#### [Required work]
Set down the entries below exactly; drop the pictures.

#### [Scraped caption text data]
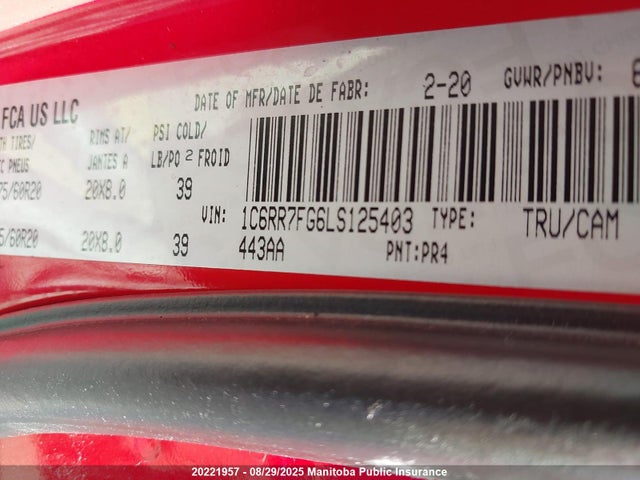 1C6RR7FG6LS125403 Dodge 1500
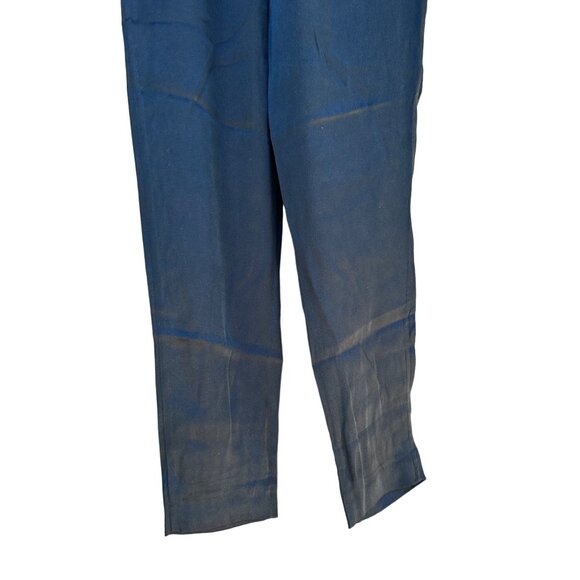 Alice + Olivia By Stacey Bendet Navy Satin High-Waisted Tapered Pants Womens Siz - Picture 8 of 9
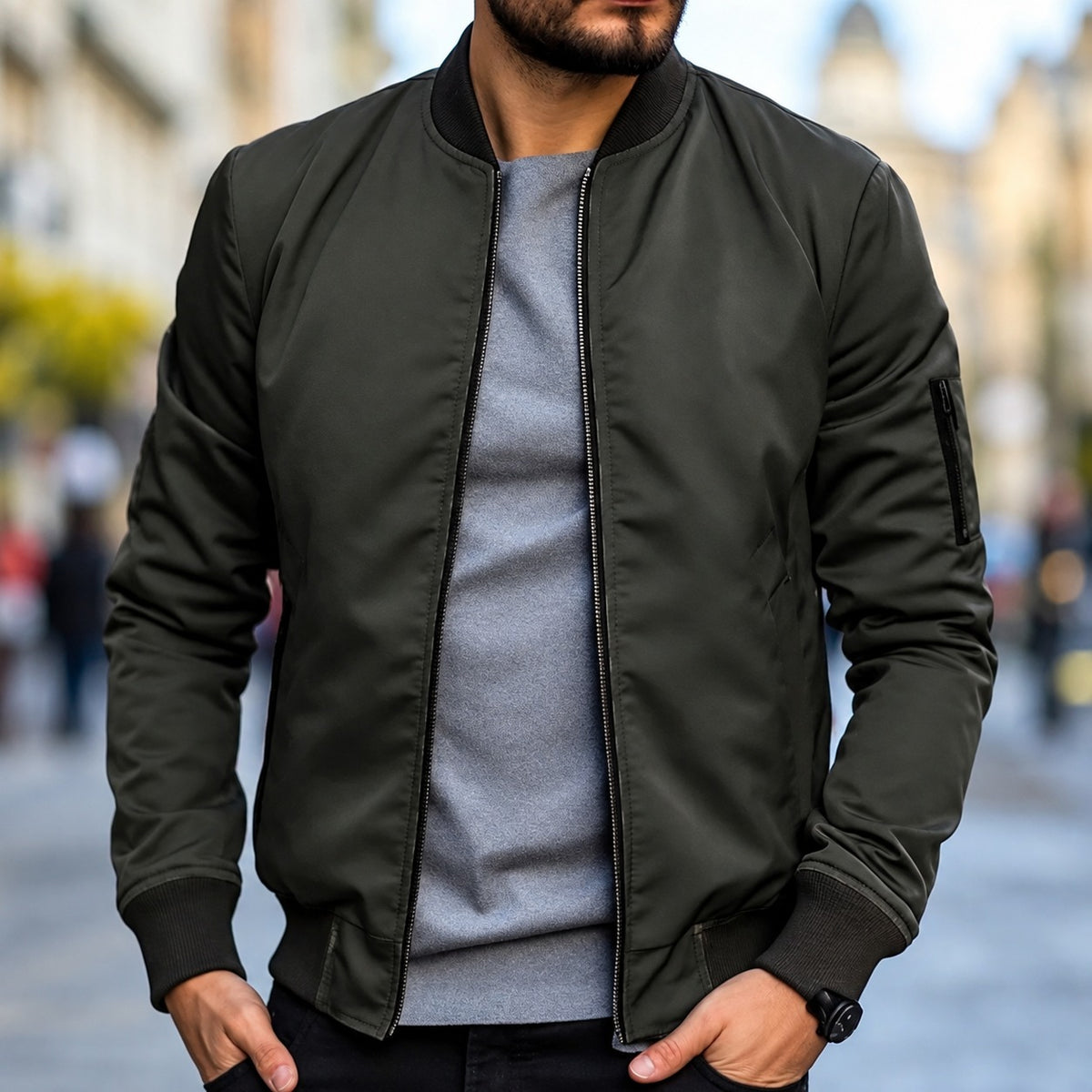 Chaqueta bomber para hombre ajuste clásico con puños acanalados y cierre de cremallera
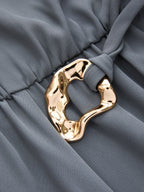 Belted One-Shoulder Draped Jumpsuit Elegant Evening Wear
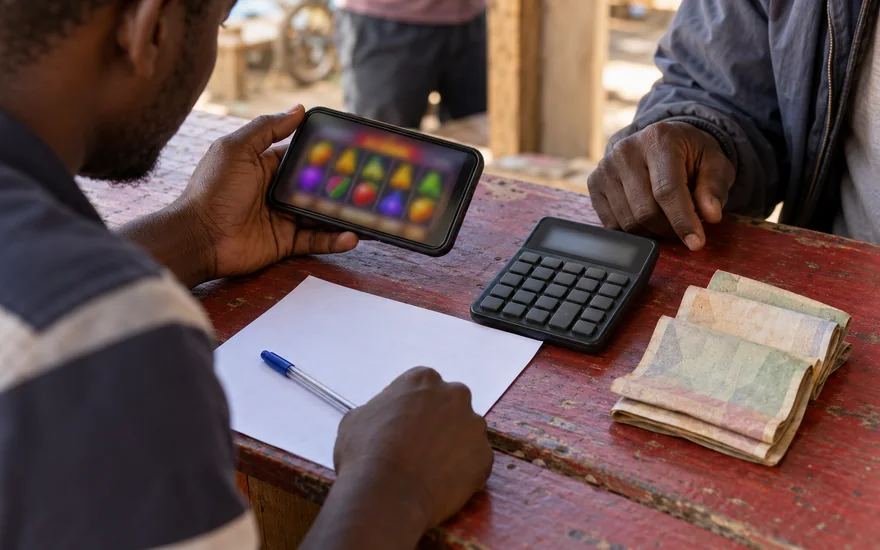 GSB bonus illustrated by a betting coupon, calculator and slot phone.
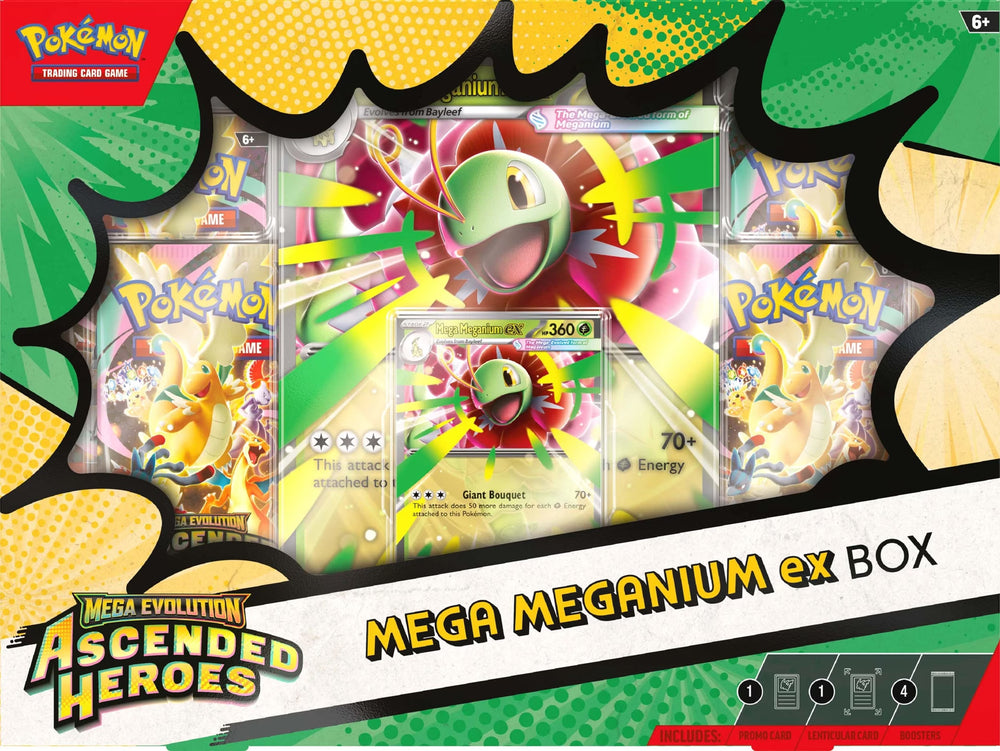 Mega Evolution—Ascended Heroes ex Box detail showing Mega ex artwork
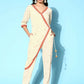 Ahalyaa Womens Offwhite Crepe Printed Jumpsuit - Swadesiicart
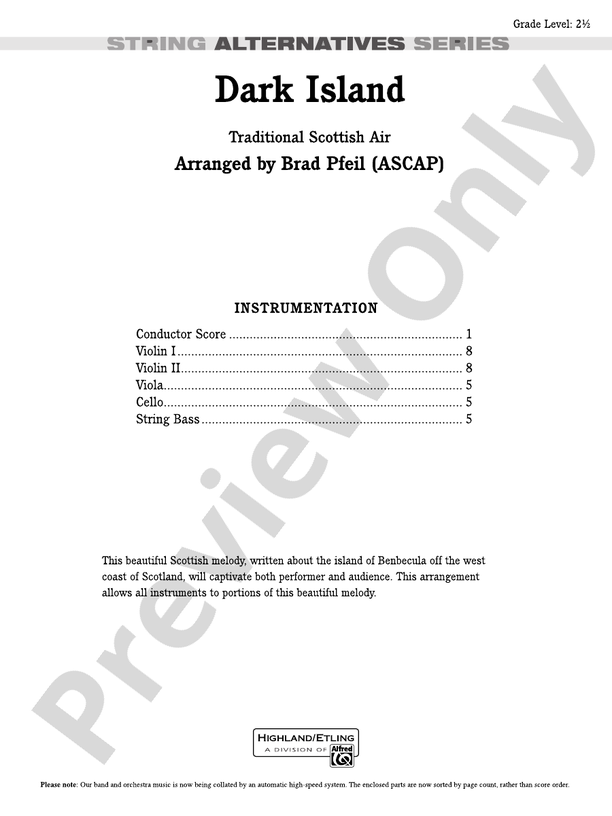 Dark Island – String Orchestra Conductor Score & Parts (Digital Download)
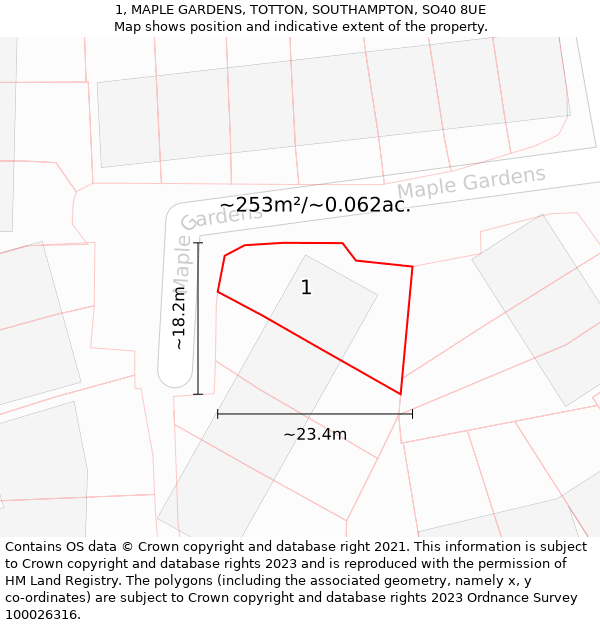 1, MAPLE GARDENS, TOTTON, SOUTHAMPTON, SO40 8UE: Plot and title map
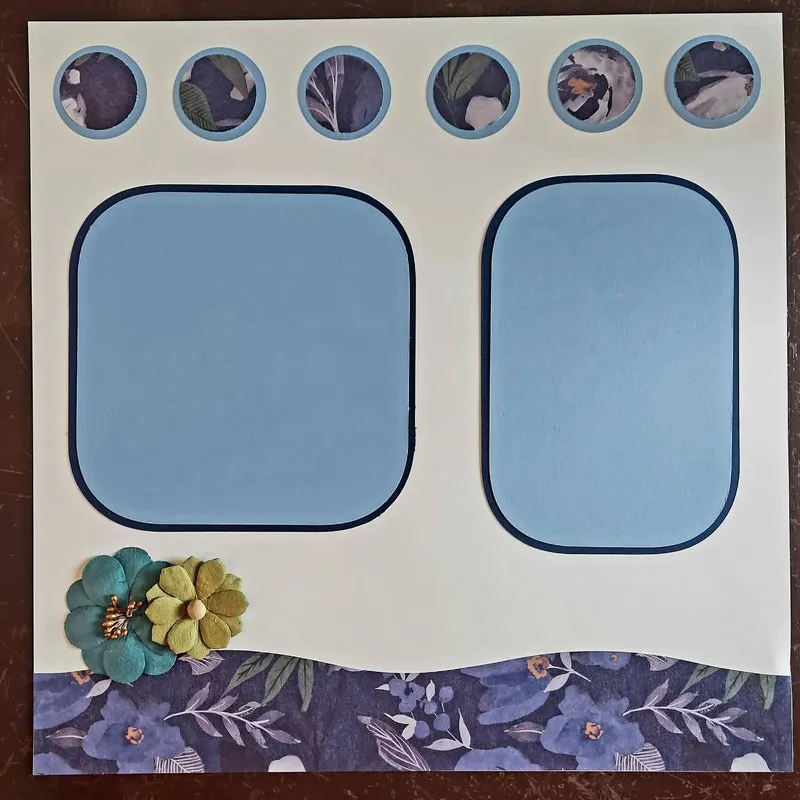 Blue Floral Scrapbook Layout: 12x12 Premade Two-Page Design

#### [Answer box]
 1C6RR7FG6LS125403 Dodge 1500
 Alice + Olivia By Stacey Bendet Navy Satin High-Waisted Tapered Pants Womens Siz - Picture 8 of 9
 Chaqueta bomber para hombre ajuste clásico con puños acanalados y cierre de cremallera
 Belted One-Shoulder Draped Jumpsuit Elegant Evening Wear
 GSB bonus illustrated by a betting coupon, calculator and slot phone.
 Mega Evolution—Ascended Heroes ex Box detail showing Mega ex artwork
 Ahalyaa Womens Offwhite Crepe Printed Jumpsuit - Swadesiicart
 Dark Island – String Orchestra Conductor Score & Parts (Digital Download)
 1, MAPLE GARDENS, TOTTON, SOUTHAMPTON, SO40 8UE: Plot and title map
 Blue Floral Scrapbook Layout: 12x12 Premade Two-Page Design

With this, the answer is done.